Kevin Vennemann, Ph.D., Scripps College, Claremont, CA


The Transpacific Metropolis


The metropolis, a space as stimulating as it is overwhelming, is constitutive for the origin and development of modernist literature and of film. From Whitman's Manhattan to Zola's Paris to Vertov's Moscow, Kiev and Odessa, the metropolis presented itself as a display of globalization: through international architecture, ethnic diversity, and multilingualism, but also through a high demand for globalized entertainment and commodities. The metropolises of the Pacific Ring of Fire first entered this discourse under comparative terms such as “Paris of the West” (for San Francisco), “New York of the East” (for Tokyo), and “Chicago of the East” (for Shanghai) before they developed a more independent, transpacific profile, particularly through their entangled history and shared conditions at the Pacific.

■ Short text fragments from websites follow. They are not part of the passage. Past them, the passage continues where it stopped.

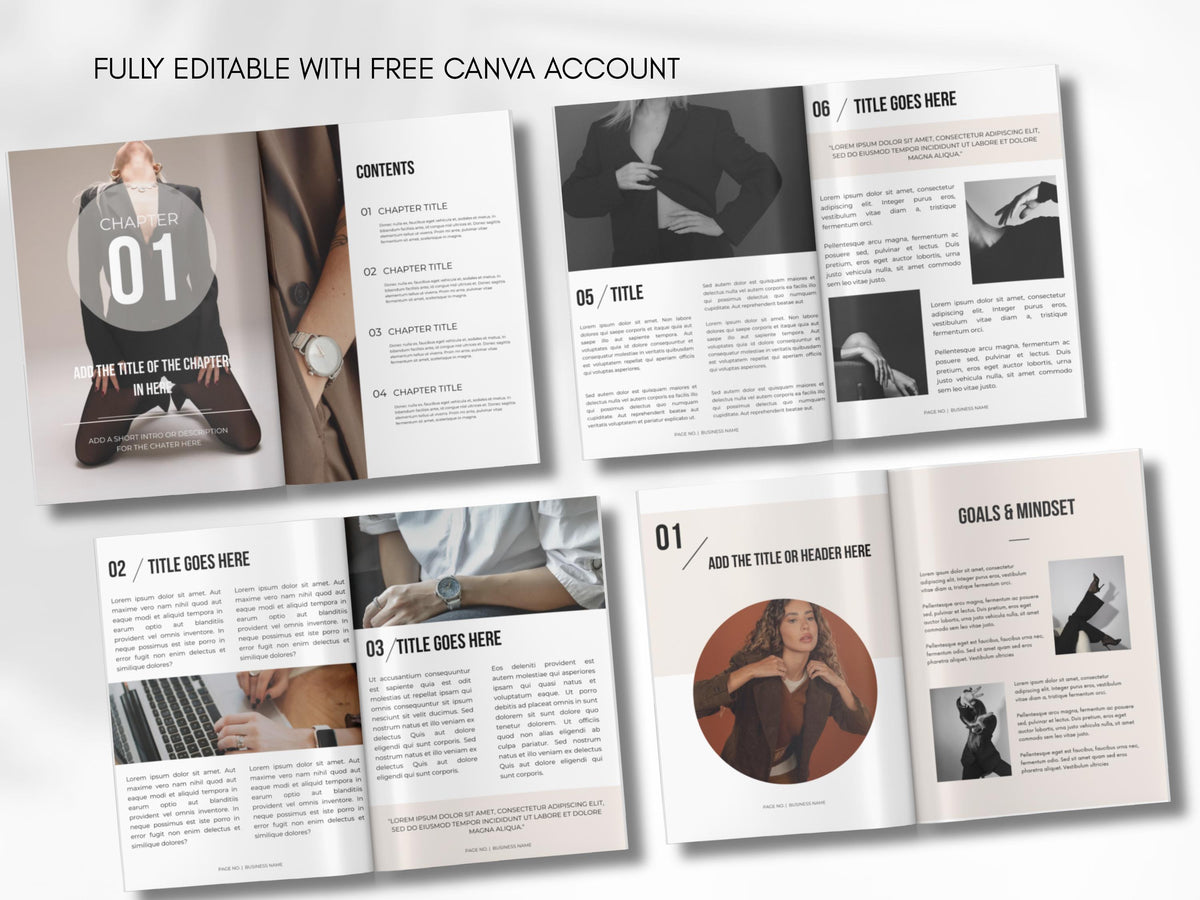 Business Ebook Template: 60-Page Editable Canva Workbook for Coaches (Digital Download)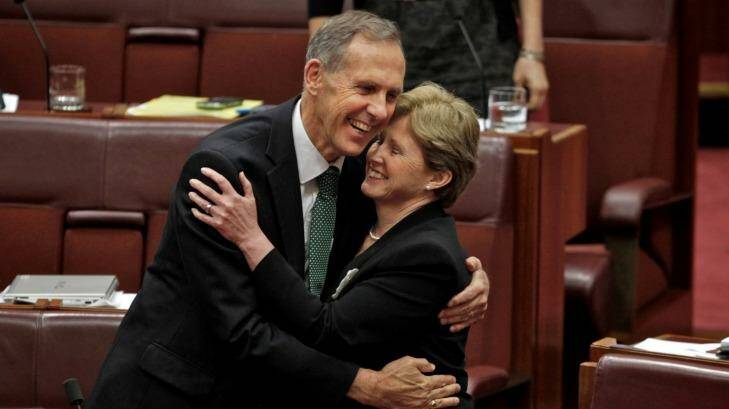 Bob Brown embraces Christine Milne after the Carbon Tax Bills passed the Senate in 2011. Photo: Andrew Meares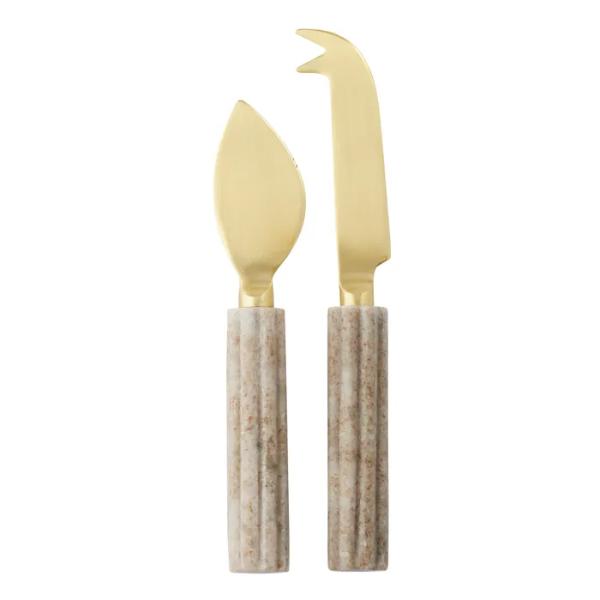 2 Pack Rae Marble Cheese Knives - 3.5cm x 19.5cm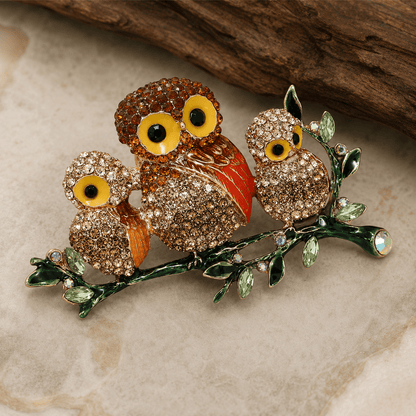 Brosje – Ugletrio - Strikkeredet Design - Brosje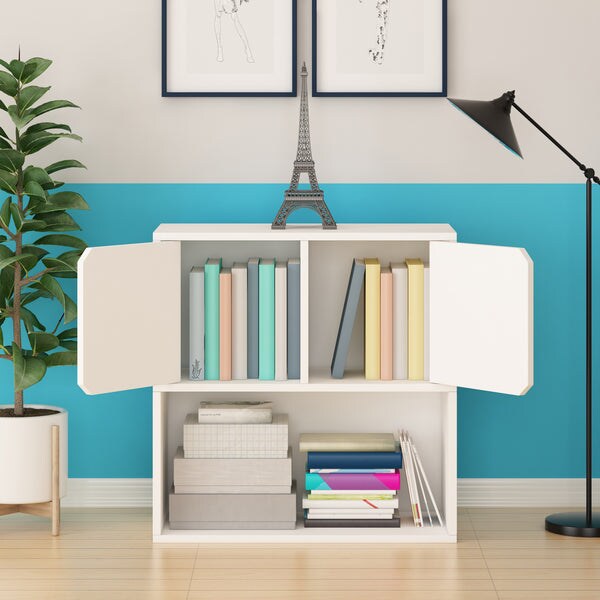 Modular Bookcase with Doors, White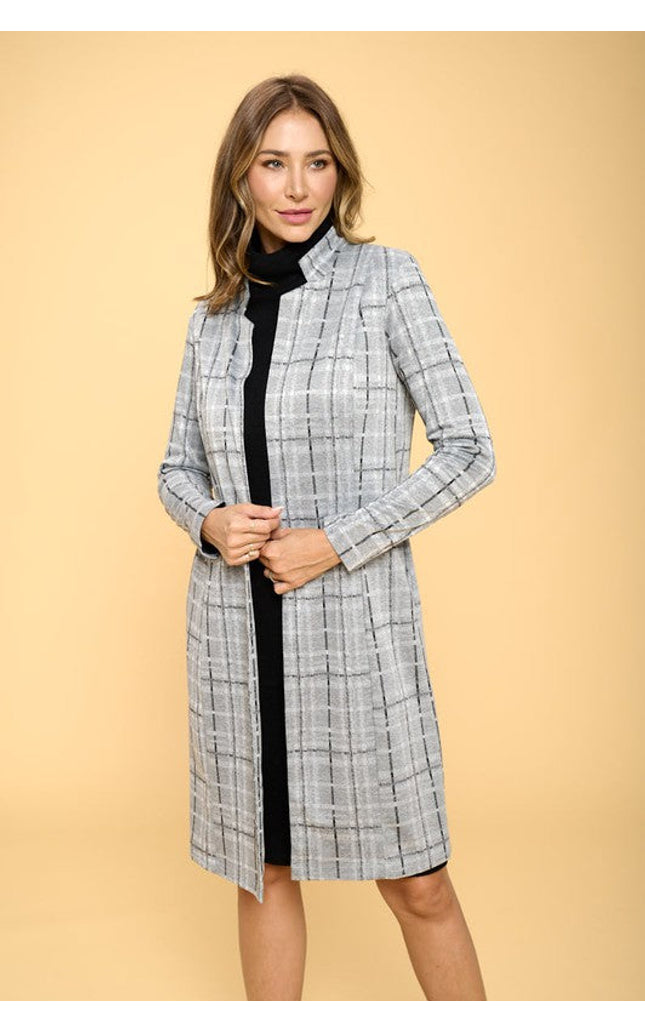 Plaid Open Coat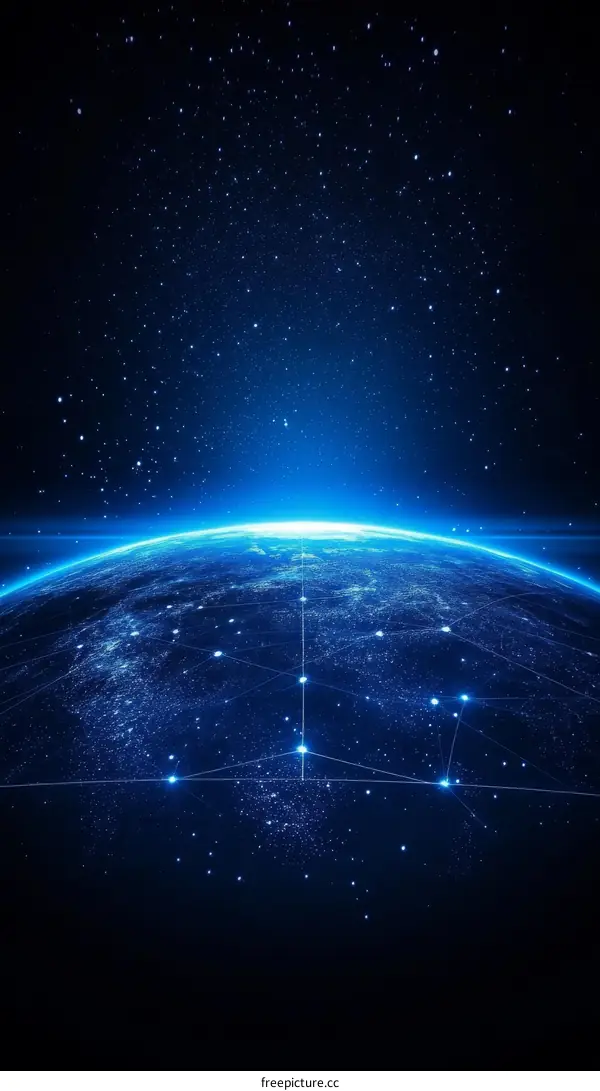 Global Network of Connections Illustrating Earth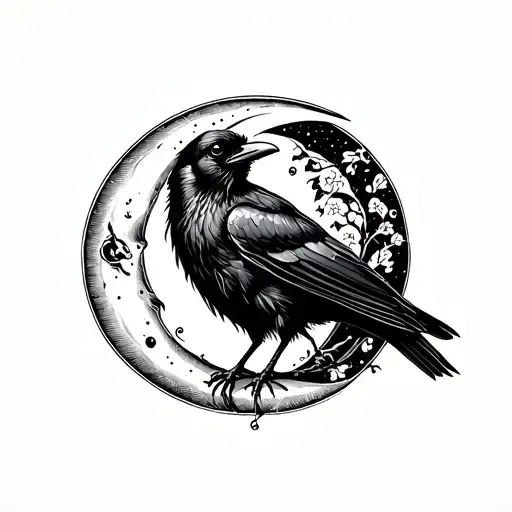 Crow On A Crescent Moon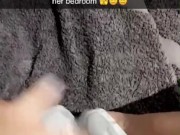 Sexting on Snapchat while listening to my stepmom fucking a stranger! I squirt 3 times at her door!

Transpacific metropolises such as Vancouver, Valparaíso, Sydney, Taipei, Shanghai, Seoul, and Tokyo share the near-constant fear of earthquakes and tsunamis. They all are defined by the cultural, economic, and migratory exchange across the Pacific, and they are connected and divided by the memories of American expansionism, Japanese imperialism, and the Pacific War. Finally, they share a significant contribution to the idea and image of the global metropolis at large during the last few decades. While classics such as Zhang Henshui’s Shanghai Express (1935), W. S. Van Dyke’s San Francisco (1936), and Pablo Neruda’s “Ode to Valparaíso” (1954) continue to unfold their significance, a vast literary and cinematographic production on transpacific metropolises has emerged since the 1990s, e.g. Isabel Allende's Daughter of Fortune (1999), Lee Chang-dong’s Oasis (2002), Haruki Murakami’s After Dark (2004), Mieko Kawakami’s Breasts and Eggs (2007), and Tao Lin's Taipei (2013).

We welcome proposals, in a variety of formats, on cinematic, literary, theoretical and/or artistic interactions with any one or several of the many Pacific metropolises from Chile to Canada, from Japan to New Zealand. How has the Pacific metropolis been staged over the last century (and especially over the last two decades) as a space that is both to blame for as well as victim to colonial aggression and post-colonial power and identity vacuums? How do these representations of the Pacific metropolis mirror current and past debates in areas such as architecture and urban development; gender, labor, migration, and race politics; cultural and diplomatic exchange; environmentalism and global warming? Finally, what future visions or alternate histories do these representations propose, if any, for a global metropolis entering an age of increasing urbanization and, simultaneously, wide-spread political and environmental instability?